▶ _WORK ORDER_: Each line starting at the one that contains "An illustrated comparison" and ending at the one that contains "Направляющая FUJI-HB-RB удочки" must be returned exactly, and the rest of the listing is left out.

▶ _DATA FOR THIS TASK_:
╔══

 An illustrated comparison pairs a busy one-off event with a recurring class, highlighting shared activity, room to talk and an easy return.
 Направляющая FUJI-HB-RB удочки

╚══
╔══

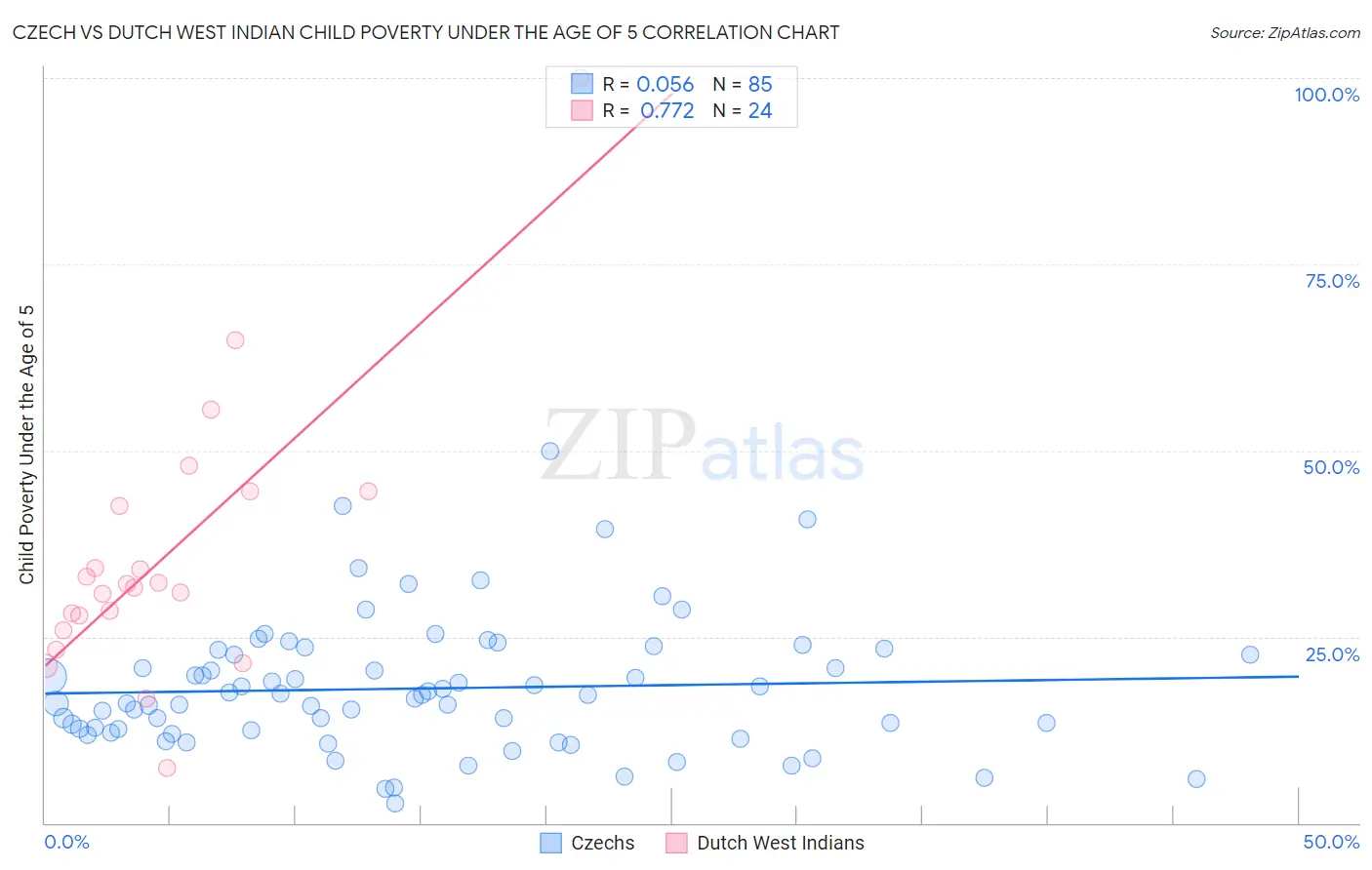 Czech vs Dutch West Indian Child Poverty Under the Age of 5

╚══

▶ _SOLUTION TO THIS TASK_:
 An illustrated comparison pairs a busy one-off event with a recurring class, highlighting shared activity, room to talk and an easy return.
 Направляющая FUJI-HB-RB удочки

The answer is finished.